(Beginning of Given material)

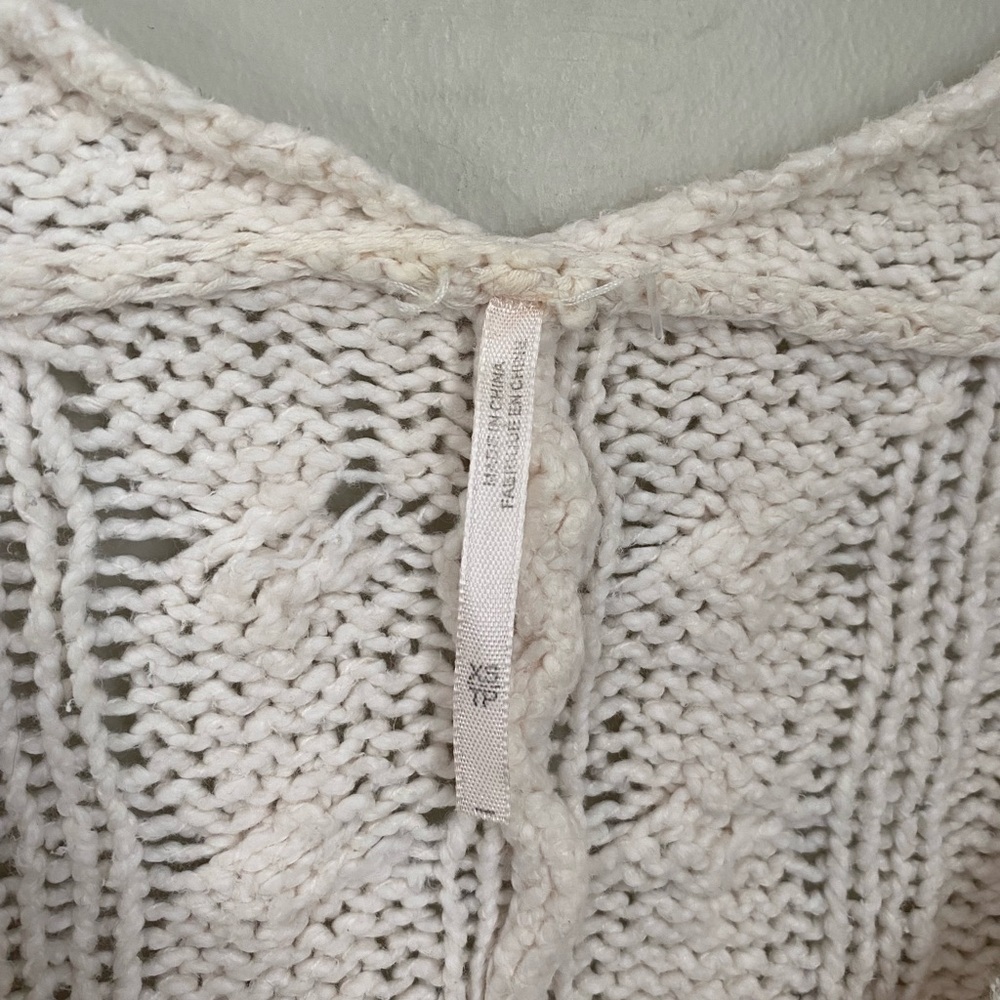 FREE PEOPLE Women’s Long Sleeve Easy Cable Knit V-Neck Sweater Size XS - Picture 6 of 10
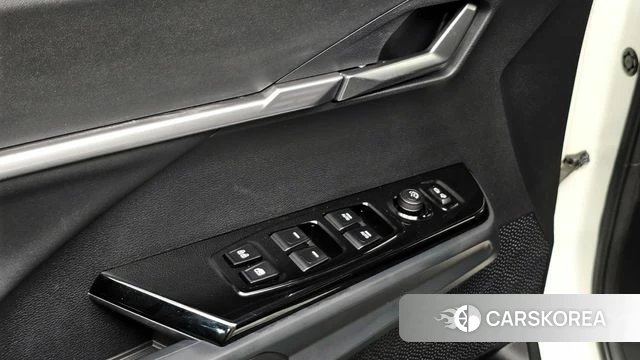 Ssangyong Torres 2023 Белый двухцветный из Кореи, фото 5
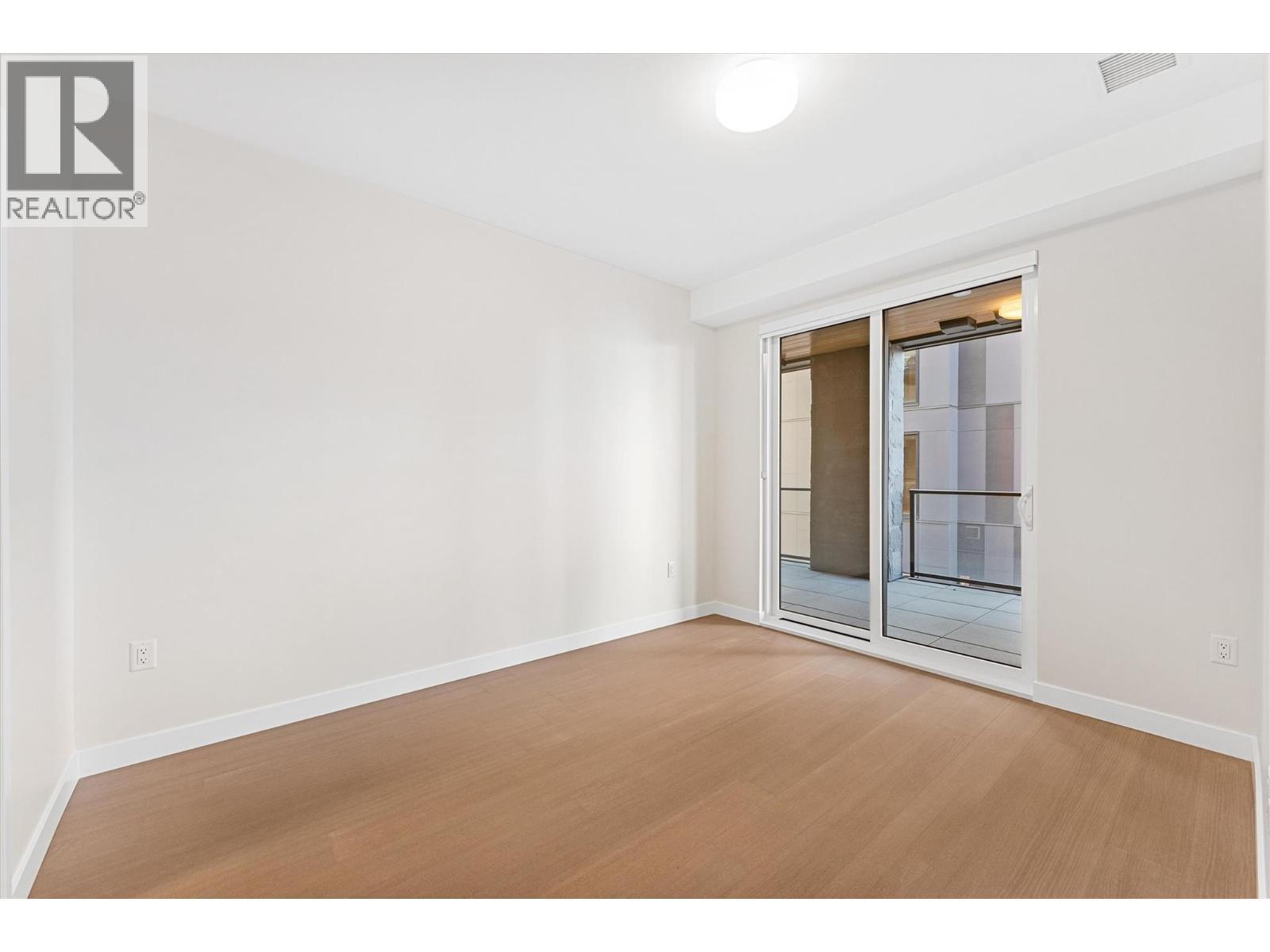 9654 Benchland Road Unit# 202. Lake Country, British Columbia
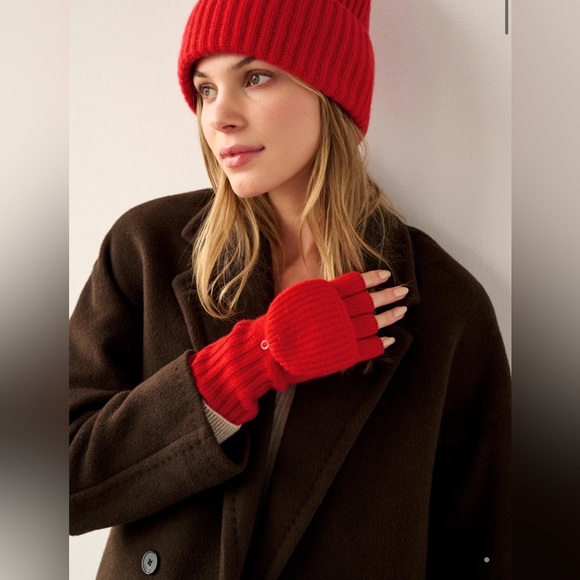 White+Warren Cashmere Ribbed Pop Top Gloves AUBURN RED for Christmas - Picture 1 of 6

(End of Given material)

Only exact repeats of the lines from the one containing "9654 Benchland Road" through the end of the listing above are wanted here; pictures are not.

 9654 Benchland Road Unit# 202. Lake Country, British Columbia
 White+Warren Cashmere Ribbed Pop Top Gloves AUBURN RED for Christmas - Picture 1 of 6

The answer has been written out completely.